Miles and Canzano's latest incident means that a renewed Oregonian-Blazers ad campaign - said to have had new boss Todd Leiweke's approval - is now on hold.

A one-page report -- No. 07-31945 -- ends up raising an important question for Newhouse and Blazers' owner Paul Allen.

How long does this have to go on?

According to the report, Miles and Canzano were hanging out in the corner of the club parking lot among a group of other males. Someone fired a gun. Police were called. The group dispersed. And the officer who responded searched the lot and found one spent Smith & Wesson .40-caliber casing in the corner of the lot.

The bouncer, James Broaddus, said the duo arrived at the club late and stayed only for a little while. Then, Broaddus said, someone in the lot reported the gunshot to an entertainer going by the name "Hennesy," who was leaving the club after work. The bouncer called 9-1-1.

Again, we have a case of guns and The Oregonian and a strip club, and this routine can only go on so long before something really bad happens to the Newhouse fortune.

At least this incident didn't happen in New York, you're thinking.

The monopoly franchise is in a tricky position on this one. Without a crime, or an open investigation, it can't justifiably threaten to suspend beat reporting of the Blazers for Canzano's exercise of poor judgment. All The Blazers can do is join the rest of us in being disappointed that The Oregonian editors have't yet said "enough" and decided to be part of the solution.
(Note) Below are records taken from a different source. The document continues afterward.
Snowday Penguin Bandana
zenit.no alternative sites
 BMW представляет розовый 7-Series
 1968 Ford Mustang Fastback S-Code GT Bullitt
Steve Duin wasn't in the parking lot of the club. Renee Mitchell wasn't there. Dave Reinhart wasn't there. Somehow, the rest of the columnists never seem to show up in incident reports, or have their names called across the police scanners in this city. The more experienced journalists don't drag race down Broadway. They don't end up as part of a civil lawsuit involving a man alleging sexual assault.

Maybe the "new" reporters decided long ago that they're not adults, working in a high-profile occupation, and as a result, they've chosen to act with neither decency nor responsibility.

The editors are trying their best to assemble a boring daily paper, at least off-the-record. But as long as Canzano isn't buying into the new direction, there are always going to be weeks like this one.

We have no evidence to suggest that either Miles or Canzano view this incident as a wake-up call. Editor-in-chief Sandra Mims Rowe spoke to both on the telephone, but again, beyond, "Make better decisions, guys," her hands are tied and she's dealing with a pattern of troubling behavior that will continue until both men decide to stop it.

What we're left to hope, for the umpteenth time, is that some switch is going to go off in Canzano's head, making the scribe realize he's blowing his reputation for selling ads, one incident at a time.

Insiders maintain if they could only break up his friendship with Miles, he'd stop being in the wrong place, wrong time. Remember, though, they used to say this about Qyntel Woods and Zach Randolph, too.

Canzano probably doesn't yet know this, but Therese Bottomly, the editor assigned to coach the columnist and rehabilitate ex-Pulitzer prize winners-turned-bribe criminals, wanted to remain a mystery to the public. She undoubtedly understands that the industry can be unforgiving and Canzano is a risky career assignment.

Most of us would be embarrassed by that, but - who really cares? He hasn't written a single positive streak of columns in favor of the franchise since he arrived, but he'll get an opportunity in next time. That's the daily fish wrapper for you.

The Oregonian is prohibited by their Newspaper Guild collective bargaining agreement from asking Canzano to retire. They can't even raise the possibility of trading him to a sister paper in the sprawling Newhouse print empire. But if he doesn't want to play ball, if his body or spirit isn't willing, he should end the charade, do the decent thing and divorce himself from the paper that foolishly believed in him six years ago.

Maybe then they can get the Blazers ads back.

So how about it, Sandy? Do you have it in you to come up big when your team needs it?

Again, no crime was committed. The police aren't actively investigating the gunshot allegation at the Safari Club. It's possible that Miles and Canzano were just the unluckiest civilians in the city.

How long the streak can go on is anyone's guess.